» **Task goal**: Beginning with the top line of the listing below, give again every line up to and including the line with "This is a quick"; pictures do not belong in the copy.

» **Supplied data**:
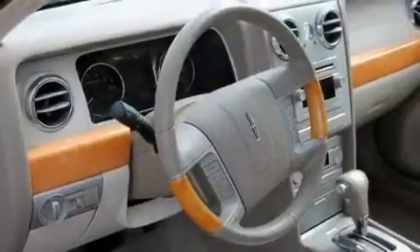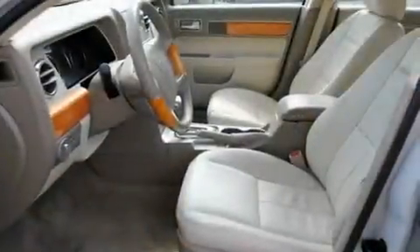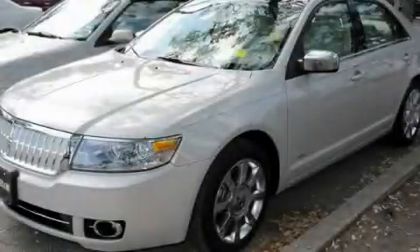With an EPA estimated rating of 28 miles per gallon on the highway, this vehicle pays off in the long run. This vehicle won't last long at this price. Call and arrange a test drive now.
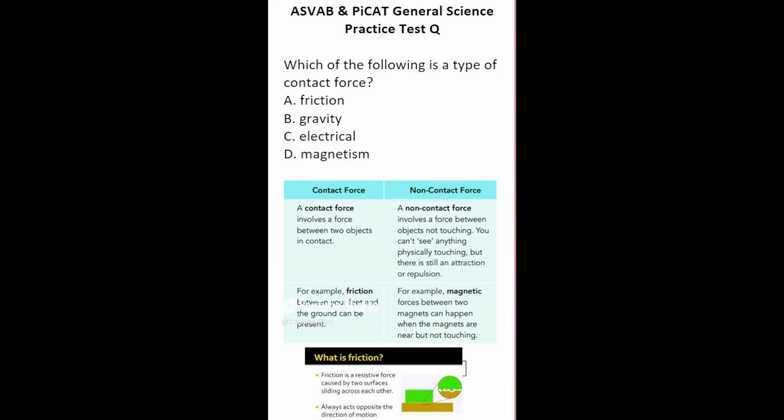This general science practice test question says: which of the following is a type of contact force? Gravity, electrical, and magnetism are all examples of non-contact forces, which involve a force between objects not touching — for example, magnetic forces can happen when magnets are close but not touching. Friction is a contact force, defined as a resistive force caused by two surfaces sliding across each other. Friction always acts in the opposite direction of motion. So this one is going to be A.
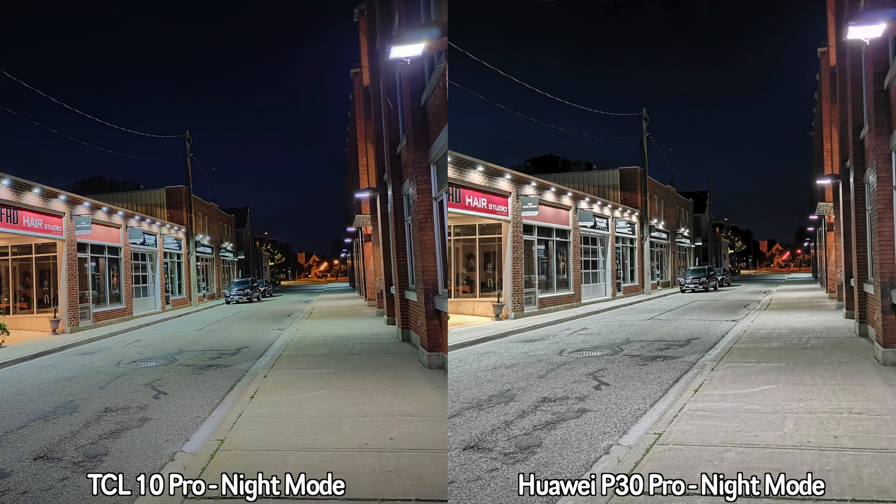This is a quick 1080p recording between the TCL 10 Pro and the Huawei P30 Pro. At this resolution, both devices have image stabilization as you can probably see. I'm recording with the main lens — we'll pan left slowly and back right, then walk a bit. This is how 1080p recording looks between the TCL 10 Pro and the Huawei P30 Pro.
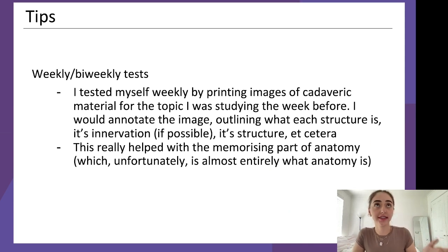Your weekly continual assessments contribute to your grade. What I did every week was print out photos of cadaver specimens with no labels and try to annotate everything — writing out what each part is. I did this for the parts I was currently studying as well as parts I'd studied before, so I could see what I got right, what I got wrong, and what I needed to focus on. I also noted each structure's function, innervation, and relevant nerves.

» **Reply to the exercise**:
With an EPA estimated rating of 28 miles per gallon on the highway, this vehicle pays off in the long run. This vehicle won't last long at this price. Call and arrange a test drive now.
This general science practice test question says: which of the following is a type of contact force? Gravity, electrical, and magnetism are all examples of non-contact forces, which involve a force between objects not touching — for example, magnetic forces can happen when magnets are close but not touching. Friction is a contact force, defined as a resistive force caused by two surfaces sliding across each other. Friction always acts in the opposite direction of motion. So this one is going to be A.
This is a quick 1080p recording between the TCL 10 Pro and the Huawei P30 Pro. At this resolution, both devices have image stabilization as you can probably see. I'm recording with the main lens — we'll pan left slowly and back right, then walk a bit. This is how 1080p recording looks between the TCL 10 Pro and the Huawei P30 Pro.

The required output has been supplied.